We conducted a case study in which we were able to show that ML-driven anomaly detection is able to reduce the search time by 98% compared to manual search. The key idea of anomaly detection is capturing the "normal&quo; behavior as a high-dimensional distribution of the monitored service within daily operation. The distribution can be learned automatically (with AutoAD4j, a framework for unsupervised anomaly detection) when operating a service, while alerting abnormal/untypical situations (data that does not fit the learned "normal" operation).

The distribution for time series data like monitoring metrics (CPU, memory, network, etc.) can be captured by reconstruction models like autoencoders and forecasting models like ARIMA, while log data is typically described by Autoencoder models through word appearances within the log message over time. When alerting abnormal behavior through the deviation to the "normal" distribution, a reconstruction error is computed indicating the severity of the anomaly. Most severe anomalies are then reported to the DevOps by indicating the concrete service and the log messages.

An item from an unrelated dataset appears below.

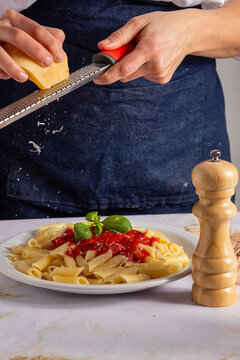pastas / plato de penne / plato de pasta / rayar queso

InfoQ: What have you learned?

Schmidt: Key learnings when trying to deliver machine learning to IT-operations are:

  1. Building up a team of both DevOps and Data Scientists to efficiently learn from each other.
  2. Data is a key resource. Like most ML domains, labelled data is the most important value to create applicable models. Ask your DevOps to label the concrete log messages, which helps mostly to identify the underlying problem or solve the issue. Further building of testing environments with chaos engineering techniques can additionally help to capture problematic behavior more efficiently.
  3. In practice it is important to focus on the simplicity of ML models and the management of those. Models which require high training times or need to be retrained with DevOps feedback often are hard to maintain. Models which generalize and use AutoML or unsupervised techniques provide easier maintenance when it comes to operation within the infrastructure.

InfoQ: What do you expect the future will bring for AI applied to troubleshooting?

Schmidt: Current research and early applications like logsight.ai show the possibility of detecting flow anomalies and cognitive anomalies within logs with very precise results. For logs, the future goes into the direction of structured logging to standardize how logs are written, while additionally companies leverage more complex deep learning models to automatically detect anomalies.

In the long term, I expect that at some point there will be a fully automated self-healing pipeline, which will not only be able to detect anomalies, but also to recover and mitigate any anomalies. This would be an end-to-end solution, which I see as an immune system built for computers.